10 Resolutions for dealing with Thoroughbreds in 2024:
Here’s random smattering of resolutions and thoughts to kick off the new year, in no particular order:
- Celebrate Thoroughbreds for all that they know coming off the track — most are good with chaos, loud noises, fireworks, gunfire, dogs, crowds, and, well, the utter hectic lifestyle here. They are catty and fast-footed when the chips are down, have at-speed lead changes, are used to a rider being ‘up,’ and have loaded in and out of trailers their whole lives. Training on the backside and running out in front helped instill all of that bravery and sensibility.
- Recognize that Thoroughbreds are different than other breeds and don’t expect them to fit the mold created by the schoolmaster, the Quarter Horse, or the upper-level Warmblood dressage horse or jumper. Bitting them up, lunging them down, or trying to make them like the others generally only irritates them. Appreciate them for what they are, complete with their smarts, heart and try. Do that, and you likely won’t need the huge bit or the 40-minutes of prep.
- Stop labeling bad behavior “Thoroughbred.” I’m a bigger fan of having good boundaries and/or calling a spade a spade without assuming bad behavior is part of the breed. Cute gelding but no personal space? Let’s train that. This one seems to have a bolting problem — let’s dig into their foundation and see what’s up. Today was a bucking day; I wonder if she’s sore.
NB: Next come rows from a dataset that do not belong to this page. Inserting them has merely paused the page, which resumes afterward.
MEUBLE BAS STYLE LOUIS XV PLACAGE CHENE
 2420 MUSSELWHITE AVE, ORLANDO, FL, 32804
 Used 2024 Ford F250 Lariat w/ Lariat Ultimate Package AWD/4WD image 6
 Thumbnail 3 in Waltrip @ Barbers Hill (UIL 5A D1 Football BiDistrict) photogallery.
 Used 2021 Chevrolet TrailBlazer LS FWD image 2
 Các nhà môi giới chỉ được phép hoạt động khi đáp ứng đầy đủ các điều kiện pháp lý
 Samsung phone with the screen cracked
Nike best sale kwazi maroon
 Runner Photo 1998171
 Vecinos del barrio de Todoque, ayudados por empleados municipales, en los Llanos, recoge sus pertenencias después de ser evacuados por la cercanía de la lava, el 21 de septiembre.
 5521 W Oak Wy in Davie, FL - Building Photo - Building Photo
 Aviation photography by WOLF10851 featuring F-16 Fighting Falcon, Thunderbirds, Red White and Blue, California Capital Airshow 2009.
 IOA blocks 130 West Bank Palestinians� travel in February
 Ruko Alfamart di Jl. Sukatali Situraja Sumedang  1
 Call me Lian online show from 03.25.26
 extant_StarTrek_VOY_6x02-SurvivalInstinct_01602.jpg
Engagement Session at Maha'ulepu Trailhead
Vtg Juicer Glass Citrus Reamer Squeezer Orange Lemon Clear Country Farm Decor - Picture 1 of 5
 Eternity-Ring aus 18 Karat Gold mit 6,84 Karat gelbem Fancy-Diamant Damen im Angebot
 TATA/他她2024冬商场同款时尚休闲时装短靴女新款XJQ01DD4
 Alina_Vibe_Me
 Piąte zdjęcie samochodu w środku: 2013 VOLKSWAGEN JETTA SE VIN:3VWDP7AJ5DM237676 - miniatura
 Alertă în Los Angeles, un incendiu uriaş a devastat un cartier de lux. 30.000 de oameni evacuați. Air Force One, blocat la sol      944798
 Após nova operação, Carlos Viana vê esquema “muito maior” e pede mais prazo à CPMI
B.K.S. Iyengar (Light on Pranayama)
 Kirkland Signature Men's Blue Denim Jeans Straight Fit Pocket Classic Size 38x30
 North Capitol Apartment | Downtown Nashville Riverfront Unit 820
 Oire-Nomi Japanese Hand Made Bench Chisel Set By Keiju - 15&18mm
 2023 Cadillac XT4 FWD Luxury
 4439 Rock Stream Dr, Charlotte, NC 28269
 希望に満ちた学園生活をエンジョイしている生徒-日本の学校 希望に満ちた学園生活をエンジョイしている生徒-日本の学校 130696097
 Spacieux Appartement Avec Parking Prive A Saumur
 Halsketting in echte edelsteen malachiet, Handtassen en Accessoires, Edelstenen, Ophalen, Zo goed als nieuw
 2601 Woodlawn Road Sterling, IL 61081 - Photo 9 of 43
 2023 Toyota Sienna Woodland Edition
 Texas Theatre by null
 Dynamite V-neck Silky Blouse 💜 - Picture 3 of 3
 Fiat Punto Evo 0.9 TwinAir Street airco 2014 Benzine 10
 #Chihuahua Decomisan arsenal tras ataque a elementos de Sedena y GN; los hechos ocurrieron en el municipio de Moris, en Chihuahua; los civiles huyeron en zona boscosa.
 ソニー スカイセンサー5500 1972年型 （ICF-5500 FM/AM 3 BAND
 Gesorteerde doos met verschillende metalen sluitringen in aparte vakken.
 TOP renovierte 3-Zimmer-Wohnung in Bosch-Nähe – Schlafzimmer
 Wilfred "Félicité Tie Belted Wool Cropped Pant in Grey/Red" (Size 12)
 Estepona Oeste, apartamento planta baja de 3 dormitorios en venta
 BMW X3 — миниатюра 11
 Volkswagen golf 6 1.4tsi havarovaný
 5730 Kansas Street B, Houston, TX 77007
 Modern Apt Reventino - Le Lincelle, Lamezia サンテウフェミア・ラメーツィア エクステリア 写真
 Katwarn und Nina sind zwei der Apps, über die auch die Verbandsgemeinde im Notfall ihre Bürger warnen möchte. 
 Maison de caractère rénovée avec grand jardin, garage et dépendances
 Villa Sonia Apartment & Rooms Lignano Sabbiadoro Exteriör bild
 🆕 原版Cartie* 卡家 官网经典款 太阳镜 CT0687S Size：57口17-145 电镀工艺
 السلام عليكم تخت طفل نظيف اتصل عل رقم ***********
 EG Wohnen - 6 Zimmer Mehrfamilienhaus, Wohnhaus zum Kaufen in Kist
Weaving in the stall is new, time to investigate if it is only around food, or stall-type, or amount of turnout… etc. etc. etc…
- Reward the try. Training something new to your mount? Celebrate the try — pat (or scratch) the neck, say nice things in encouraging tones, whatever they like. They might not get it right on the first go-round, but they’ll give you even more effort on the second attempt if they know you’re paying attention and there is space to learn, not only space to be right.
- Mix it up more. Always find yourself and your horse in the arena? Mix it up and hack out, take to the roads, and stimulate their brains with new experiences. Bravery comes from meeting and overcoming new challenges they get to meet calmly and confidently.
- Avoid drilling. Aim for progress not perfection when training and come back to it later. Their attention spans and desire to please will be right there waiting for you and tomorrow’s ride.
- Reward with what they love. If they put in a ton of try, let the reward not just be a stretchy walk where you check out, but instead, maybe a happy gallop in the field or loose rein-trot about the arena.
- Maintain their bodies with what they need. Body work, chiropractic adjustment, magnawave, any of the new-fangled treatments and therapies as well as veterinary maintenance go a long way to keep these sensitive beasts as happy and comfortable in their second careers as possible.
- Enjoy the ride together. Not every horse makes an upper-level competitor. Not every one wants to dance in the sandbox. Whatever they love to do, support that. Finding them jobs that make them happy, with you or on down the road, is one of the most rewarding things around.
- More alfalfa, please.
Happy 2024, folks. Layer up and enjoy the ride.